Visitors slowly begin to trickle back to tourist attractions in Wuhan


(Photo: CGTN)

Two and a half months of lockdown, most of which during the winter, means Wuhan residents are now eager to get out and enjoy the spring sunshine. Some of the tourist attractions in the city are open again, but may not see the foot traffic they're used to for some time.

CGTN visited Mulan Yunwu Mountain scenic spot, the largest natural park in suburban Wuhan, last Sunday. The bright and sunny weather brought in a number of local residents, though not as many as before. Nearly all visitors wore masks. Some also pulled their masks down to chin sometimes to breathe the fresh air.

We first met Xiao Nan's family. "It's a nice day to come out and relax. We've had to stay at home for so long that we really want to come outside with our kid," said Xiao.

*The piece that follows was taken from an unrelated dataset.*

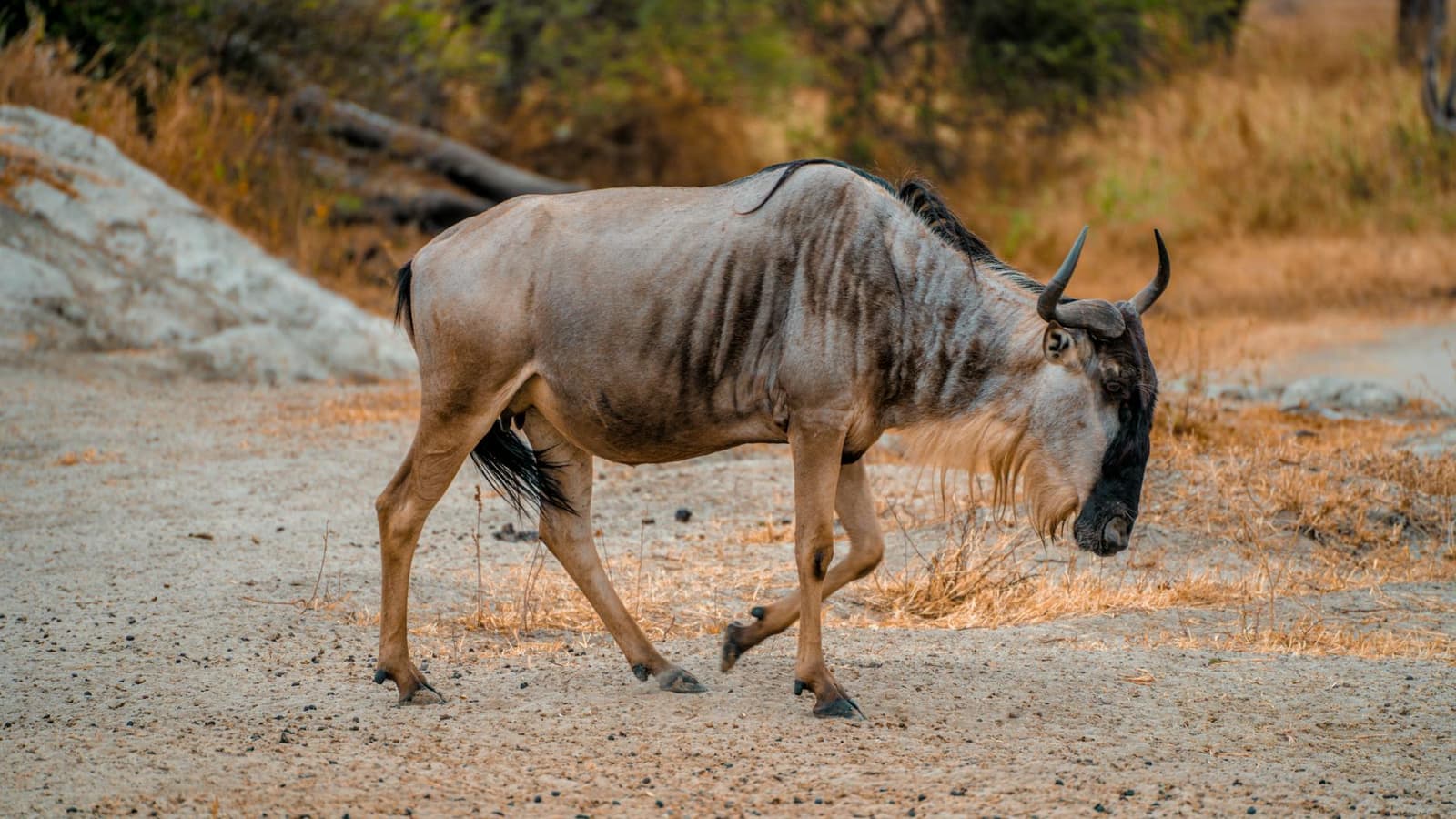 Hidden gems in Arusha, Arusha Hidden gems in Arusha, Arusha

He and his wife are both traditional Chinese medicine practitioners. He believes there's no need to be so anxious about the COVID-19 pandemic in the city. 

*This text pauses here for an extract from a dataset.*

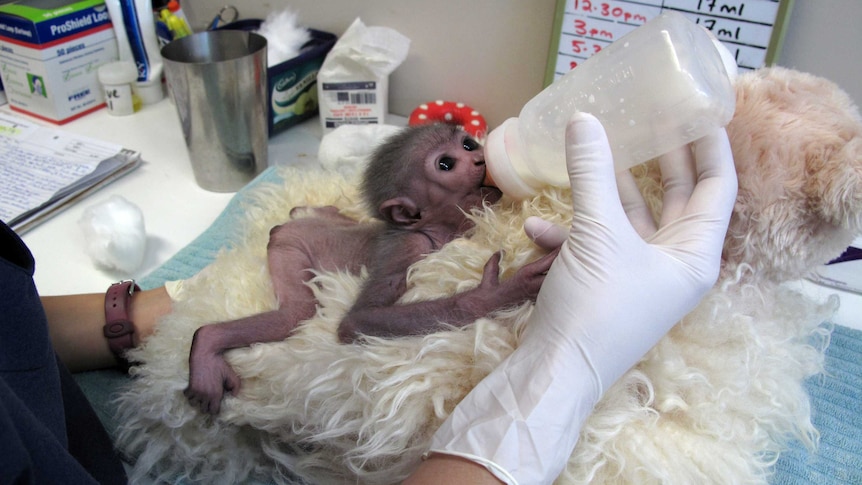 Javan Gibbon Owa born at Perth zoo 1 October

"Now it's all in their minds. Many of my patients have been struggling with anxiety. I suggest they just come out and take it easy because the spread of virus is not as serious as before," he said.

Mulan Yunwu Mountain reopened on April 8, the day when the city's lockdown ended. The first week following the reopening saw few visitors, while the next several days saw more, especially on weekends.

We found many families happily enjoying picnics in the park as restaurants in and around the scenic spot remain closed.

However, some residents said they might still stay at home during the coming Labor Day holiday, which is just a couple of days away, over concerns of large crowds gathering in public places, especially at popular tourist destinations.

Zhou Fan was having fun in the park with her family. She told us the Labor Day holiday might see lots of people out there so she planned to stay at home.

Though the number of daily visitors here is gradually increasing, it's only about one-fifth of that over last year. And its turnover has also dropped by 80 percent.

Wang Lianjie, general manager of the scenic area, said the local government has offered many favorable policies to support businesses and they have been applying for the help. However, worries still linger.

"I'm not sure when the fear will subside in the hearts of tourists. People's willingness to travel determines whether our business is good or bad. I'm still a bit uncertain about the future," said Wang.